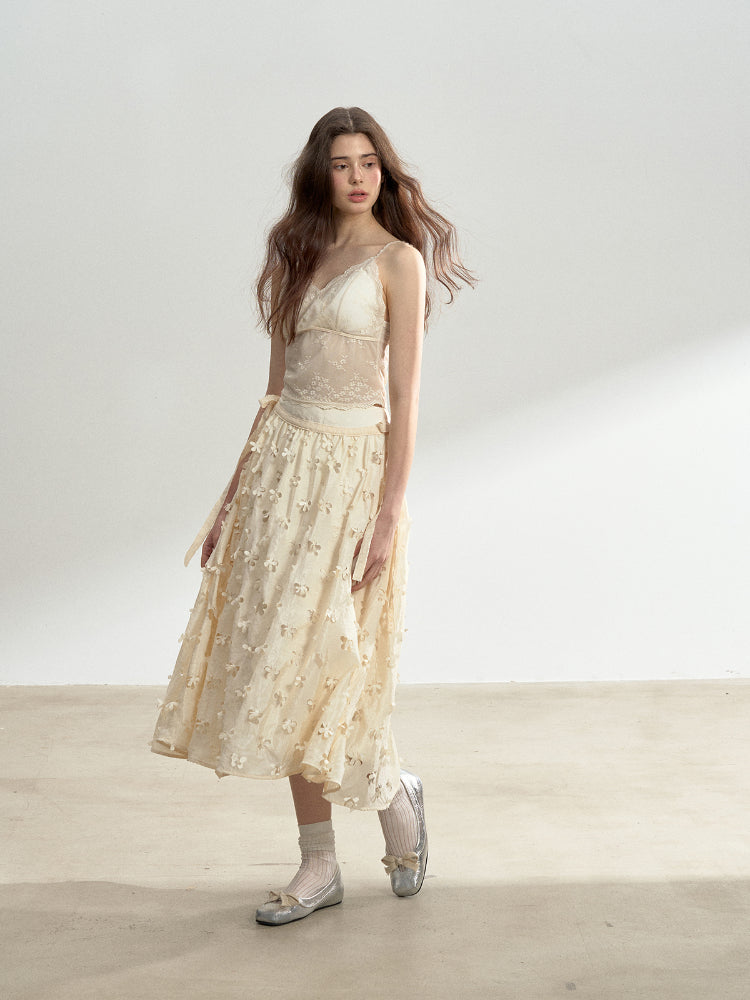 Lace Trimmed Girly Feel Top - CHINASQUAD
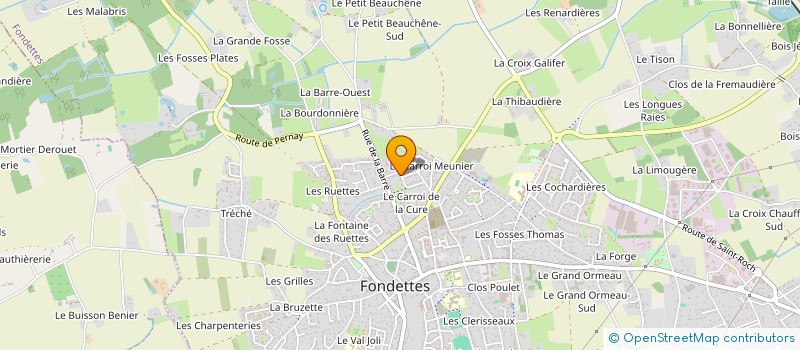 localisation de l'entreprise MLE INVEST à FONDETTES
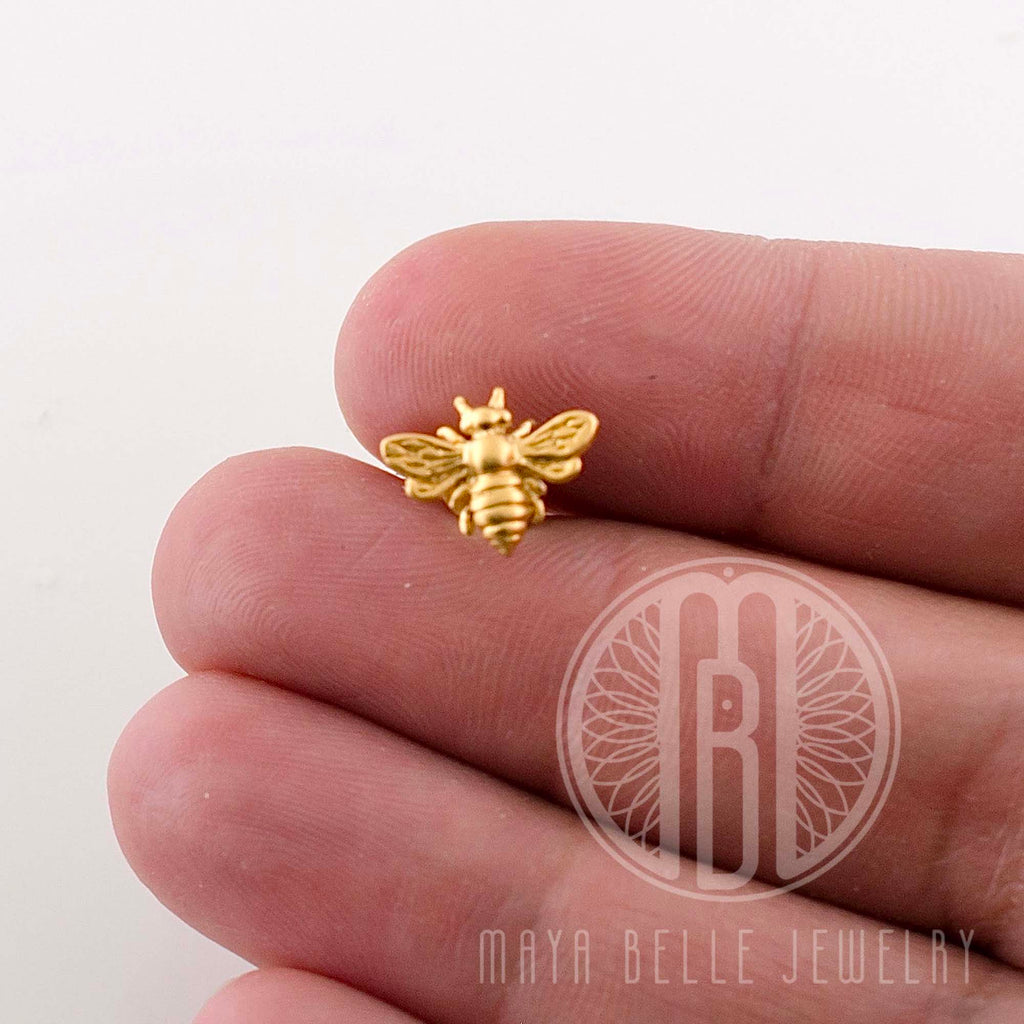 24k gold vermeil Gold Honey Bee necklace - Maya Belle Jewelry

- - - -

**Assigned task:** Please output the material above unchanged, apart from removing the pictures.

**Answer for this exercise:**
 Lace Trimmed Girly Feel Top - CHINASQUAD
 localisation de l'entreprise MLE INVEST à FONDETTES
 24k gold vermeil Gold Honey Bee necklace - Maya Belle Jewelry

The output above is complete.